Riley, who's been on the bench since 2008 and is in the middle of a four-year term, submitted his letter of resignation to the town board last month. It takes effect Aug. 1
Riley told the Enterprise Tuesday that he's leaving office before his current term expires because he's concerned about the workload the town's two part-time justices will be forced to take on when village court dissolves next year. When dissolution takes effect, the courts of the three towns that overlap into the village - Harrietstown, North Elba and St. Armand - will take over the much busier village court caseload. Even though those cases will be divided among the three town courts, the majority of the village police department's caseload is in the Harrietstown section of the village.
"I don't want to be the judge when they combine the two courts, the village and town," Riley said. "It's going to be really busy, and that doesn't happen until April 2014. I didn't want to wait until then. I figured it was more fair to let somebody get on the ballot in November.
"It was mostly that it's going to be so busy, and (village court sessions) are at night, they're late, and they're really packed in there sometimes. I didn't want to deal with that."
"Had I known they were going to combine those courts - they talked about it some - I wouldn't have (run) again (in November 2011) for a four-year term."
The village board had actually voted in August 2010 to set in motion the process of dissolving village court, saying at the time the change would eliminate a duplicated service and save village taxpayers $50,000 a year.

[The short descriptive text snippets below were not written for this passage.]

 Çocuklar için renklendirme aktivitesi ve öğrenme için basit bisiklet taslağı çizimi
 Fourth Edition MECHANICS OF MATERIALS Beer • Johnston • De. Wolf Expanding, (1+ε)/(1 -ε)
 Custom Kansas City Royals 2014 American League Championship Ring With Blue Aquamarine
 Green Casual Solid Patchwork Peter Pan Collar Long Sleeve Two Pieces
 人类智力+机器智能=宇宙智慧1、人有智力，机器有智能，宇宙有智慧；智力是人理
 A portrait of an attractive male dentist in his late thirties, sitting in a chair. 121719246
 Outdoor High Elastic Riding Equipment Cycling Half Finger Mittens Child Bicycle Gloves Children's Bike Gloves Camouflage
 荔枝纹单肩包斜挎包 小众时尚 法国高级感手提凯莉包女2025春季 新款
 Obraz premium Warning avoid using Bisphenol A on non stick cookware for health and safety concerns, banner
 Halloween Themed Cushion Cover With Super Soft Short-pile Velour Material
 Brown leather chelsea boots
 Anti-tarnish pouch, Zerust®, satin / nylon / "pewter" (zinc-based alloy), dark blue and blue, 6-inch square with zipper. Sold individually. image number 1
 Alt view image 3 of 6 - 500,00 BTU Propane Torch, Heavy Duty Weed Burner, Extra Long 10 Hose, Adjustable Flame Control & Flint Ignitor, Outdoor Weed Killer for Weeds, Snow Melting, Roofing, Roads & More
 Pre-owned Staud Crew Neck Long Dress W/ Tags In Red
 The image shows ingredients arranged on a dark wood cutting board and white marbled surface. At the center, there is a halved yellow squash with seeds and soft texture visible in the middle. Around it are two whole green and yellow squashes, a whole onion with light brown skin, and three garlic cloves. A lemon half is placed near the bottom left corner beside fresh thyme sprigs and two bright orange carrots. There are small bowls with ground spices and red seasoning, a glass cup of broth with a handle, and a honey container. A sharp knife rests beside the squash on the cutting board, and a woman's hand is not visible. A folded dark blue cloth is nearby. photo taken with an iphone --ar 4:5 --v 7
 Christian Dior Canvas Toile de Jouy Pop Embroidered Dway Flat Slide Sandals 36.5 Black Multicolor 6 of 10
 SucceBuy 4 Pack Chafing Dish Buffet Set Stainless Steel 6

Under state law, the change can only take effect after the terms of the current village justices expire. In Saranac Lake, that's April 2014, when current village Justice Ken McLaughlin's term comes to an end.
McLaughlin, who is Harrietstown's other judge, has also raised concerns about doing away with village court. In February, he asked the village board to reconsider, saying losing village court will be inconvenient, won't save that much money and could affect the operation and costs of the village police department if its officers have to travel to Bloomingdale and Lake Placid for St. Armand and North Elba arraignments. However, village officials didn't budge.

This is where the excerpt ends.